More than medical services, the Long Beach program offers practical help in the form of job training, housing assistance, money management and general "life coaching." Clients are assigned to a team of caseworkers that includes a psychiatrist.

The Village considers hospitalization a "failure" on its part, Long says. The agency doesn't like to see people decline to that point.

Patients who find places in such expanded-service programs often turn their lives around--or at least stop their skids into homelessness and psychosis.
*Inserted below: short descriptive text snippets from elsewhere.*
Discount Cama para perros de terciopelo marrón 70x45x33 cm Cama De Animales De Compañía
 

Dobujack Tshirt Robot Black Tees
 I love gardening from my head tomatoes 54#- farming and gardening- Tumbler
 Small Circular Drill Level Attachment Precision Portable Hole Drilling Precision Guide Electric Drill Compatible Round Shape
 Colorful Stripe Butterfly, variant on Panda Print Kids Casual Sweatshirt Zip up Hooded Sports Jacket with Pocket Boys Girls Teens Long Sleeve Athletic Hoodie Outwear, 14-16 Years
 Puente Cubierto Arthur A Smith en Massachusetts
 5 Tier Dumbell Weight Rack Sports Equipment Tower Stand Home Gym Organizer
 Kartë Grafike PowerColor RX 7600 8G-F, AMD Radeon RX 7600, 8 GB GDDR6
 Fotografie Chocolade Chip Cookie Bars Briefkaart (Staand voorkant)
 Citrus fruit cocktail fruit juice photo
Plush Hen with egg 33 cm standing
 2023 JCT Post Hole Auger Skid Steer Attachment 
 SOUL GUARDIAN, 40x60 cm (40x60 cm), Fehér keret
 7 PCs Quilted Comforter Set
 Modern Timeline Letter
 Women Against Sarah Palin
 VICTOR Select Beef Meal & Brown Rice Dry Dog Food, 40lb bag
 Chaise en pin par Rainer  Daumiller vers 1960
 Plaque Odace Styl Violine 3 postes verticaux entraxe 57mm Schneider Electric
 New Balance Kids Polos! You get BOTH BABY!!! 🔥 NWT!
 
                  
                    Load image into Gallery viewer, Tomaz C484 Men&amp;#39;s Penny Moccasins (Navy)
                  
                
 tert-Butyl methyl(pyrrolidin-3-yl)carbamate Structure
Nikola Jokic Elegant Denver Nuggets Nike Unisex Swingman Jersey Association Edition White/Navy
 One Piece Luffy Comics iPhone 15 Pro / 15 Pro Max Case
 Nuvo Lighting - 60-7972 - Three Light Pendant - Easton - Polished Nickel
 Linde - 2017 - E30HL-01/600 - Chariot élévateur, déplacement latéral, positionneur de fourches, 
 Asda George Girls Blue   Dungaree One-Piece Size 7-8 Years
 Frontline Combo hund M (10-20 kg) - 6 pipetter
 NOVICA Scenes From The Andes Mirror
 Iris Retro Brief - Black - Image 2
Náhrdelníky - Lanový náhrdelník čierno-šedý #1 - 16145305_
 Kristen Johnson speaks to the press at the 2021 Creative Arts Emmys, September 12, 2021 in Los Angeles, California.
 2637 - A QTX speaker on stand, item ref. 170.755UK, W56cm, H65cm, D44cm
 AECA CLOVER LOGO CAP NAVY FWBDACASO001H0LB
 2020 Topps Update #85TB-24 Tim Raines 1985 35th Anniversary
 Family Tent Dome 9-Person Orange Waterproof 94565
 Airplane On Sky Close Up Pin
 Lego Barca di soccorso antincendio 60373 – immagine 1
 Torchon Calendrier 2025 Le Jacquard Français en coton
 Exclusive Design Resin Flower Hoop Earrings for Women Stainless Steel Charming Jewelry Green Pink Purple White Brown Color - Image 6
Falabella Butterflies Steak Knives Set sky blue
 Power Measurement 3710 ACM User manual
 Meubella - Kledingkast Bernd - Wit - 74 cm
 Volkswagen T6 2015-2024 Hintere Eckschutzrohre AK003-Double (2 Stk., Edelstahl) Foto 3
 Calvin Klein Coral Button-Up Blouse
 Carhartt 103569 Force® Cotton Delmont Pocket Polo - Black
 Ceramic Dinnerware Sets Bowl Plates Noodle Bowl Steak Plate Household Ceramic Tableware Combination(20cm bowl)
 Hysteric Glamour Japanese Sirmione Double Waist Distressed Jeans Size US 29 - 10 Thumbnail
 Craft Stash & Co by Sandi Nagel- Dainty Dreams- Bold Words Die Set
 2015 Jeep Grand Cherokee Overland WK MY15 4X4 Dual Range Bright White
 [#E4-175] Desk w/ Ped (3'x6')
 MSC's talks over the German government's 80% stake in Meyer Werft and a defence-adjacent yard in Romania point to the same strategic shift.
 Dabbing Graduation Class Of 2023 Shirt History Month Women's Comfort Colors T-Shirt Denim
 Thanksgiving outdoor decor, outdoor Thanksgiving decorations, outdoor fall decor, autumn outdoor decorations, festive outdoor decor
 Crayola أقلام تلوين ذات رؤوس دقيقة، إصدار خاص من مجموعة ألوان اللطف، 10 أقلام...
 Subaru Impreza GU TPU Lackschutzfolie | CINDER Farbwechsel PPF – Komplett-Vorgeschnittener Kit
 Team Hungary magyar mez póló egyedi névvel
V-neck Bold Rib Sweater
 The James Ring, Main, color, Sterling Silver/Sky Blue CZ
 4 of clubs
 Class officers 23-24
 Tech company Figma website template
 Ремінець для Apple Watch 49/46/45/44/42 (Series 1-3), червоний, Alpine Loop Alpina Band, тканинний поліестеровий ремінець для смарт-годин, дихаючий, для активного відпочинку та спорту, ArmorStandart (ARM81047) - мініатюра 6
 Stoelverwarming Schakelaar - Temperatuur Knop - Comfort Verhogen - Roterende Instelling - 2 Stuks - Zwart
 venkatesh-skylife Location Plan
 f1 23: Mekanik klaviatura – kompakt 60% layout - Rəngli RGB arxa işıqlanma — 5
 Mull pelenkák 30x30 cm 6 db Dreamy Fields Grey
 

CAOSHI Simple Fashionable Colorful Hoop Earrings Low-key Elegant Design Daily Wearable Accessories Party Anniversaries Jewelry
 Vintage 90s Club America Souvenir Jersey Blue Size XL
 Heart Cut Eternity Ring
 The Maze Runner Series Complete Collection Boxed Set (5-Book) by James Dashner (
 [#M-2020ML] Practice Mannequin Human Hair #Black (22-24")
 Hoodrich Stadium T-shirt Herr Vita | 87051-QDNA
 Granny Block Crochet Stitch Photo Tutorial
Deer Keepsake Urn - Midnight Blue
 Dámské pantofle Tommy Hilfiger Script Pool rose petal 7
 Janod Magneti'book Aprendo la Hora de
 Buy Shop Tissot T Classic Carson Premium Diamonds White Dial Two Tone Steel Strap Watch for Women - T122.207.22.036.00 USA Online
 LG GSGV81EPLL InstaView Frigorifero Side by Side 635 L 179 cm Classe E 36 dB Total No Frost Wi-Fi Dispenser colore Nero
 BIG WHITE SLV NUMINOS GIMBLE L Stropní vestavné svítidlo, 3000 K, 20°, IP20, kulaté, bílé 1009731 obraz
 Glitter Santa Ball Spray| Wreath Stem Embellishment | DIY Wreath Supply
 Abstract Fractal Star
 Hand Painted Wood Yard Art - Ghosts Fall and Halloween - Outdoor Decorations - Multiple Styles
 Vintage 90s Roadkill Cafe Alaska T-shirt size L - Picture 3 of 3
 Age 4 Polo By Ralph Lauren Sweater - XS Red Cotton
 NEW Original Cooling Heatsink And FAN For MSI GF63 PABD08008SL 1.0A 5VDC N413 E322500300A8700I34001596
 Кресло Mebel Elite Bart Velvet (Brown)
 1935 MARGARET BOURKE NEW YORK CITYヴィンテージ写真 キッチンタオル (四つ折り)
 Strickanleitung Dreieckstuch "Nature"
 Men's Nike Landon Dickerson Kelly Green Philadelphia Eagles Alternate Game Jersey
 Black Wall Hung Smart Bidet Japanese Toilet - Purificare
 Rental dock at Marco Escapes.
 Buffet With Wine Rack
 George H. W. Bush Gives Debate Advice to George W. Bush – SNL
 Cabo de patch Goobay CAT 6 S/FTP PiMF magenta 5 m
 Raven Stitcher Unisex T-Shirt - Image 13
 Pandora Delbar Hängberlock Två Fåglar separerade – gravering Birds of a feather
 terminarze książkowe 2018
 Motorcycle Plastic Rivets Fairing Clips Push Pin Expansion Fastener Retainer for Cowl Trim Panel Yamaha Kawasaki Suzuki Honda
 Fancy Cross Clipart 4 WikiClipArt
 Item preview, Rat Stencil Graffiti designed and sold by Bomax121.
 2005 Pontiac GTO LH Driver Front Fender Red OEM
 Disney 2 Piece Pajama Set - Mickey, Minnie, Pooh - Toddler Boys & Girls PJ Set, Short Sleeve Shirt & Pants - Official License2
The jobs they get are often entry-level clerical and service industry positions, but they get people back into the swing of working.

"They never gave up on me," said Jay Hill, 36, who was a 98-pound panhandler with a ferocious drug problem when he joined the Village 10 years ago. Village employees repeatedly sought him out as he begged on the streets, and urged him to get into a drug treatment program.

Now he's eight years clean, living in a group home that doesn't allow drugs or alcohol use. He's taking psychiatric medications for his illness, a condition that combines symptoms of schizophrenia and bipolar disorder. And he's been working on and off, first at the Village office, later at a Target store and as a stock clerk for the Air Force.

The Village doesn't work for everyone--"we're not perfect," said Long--but it has an impressive record.

In October, for example, 63% of the 276 clients lived independently in housing around the community. Most of the rest were in board-and-care homes or with their families. A quarter were employed. Ten percent were in school. About 2% were homeless or incarcerated and just over 3% were hospitalized.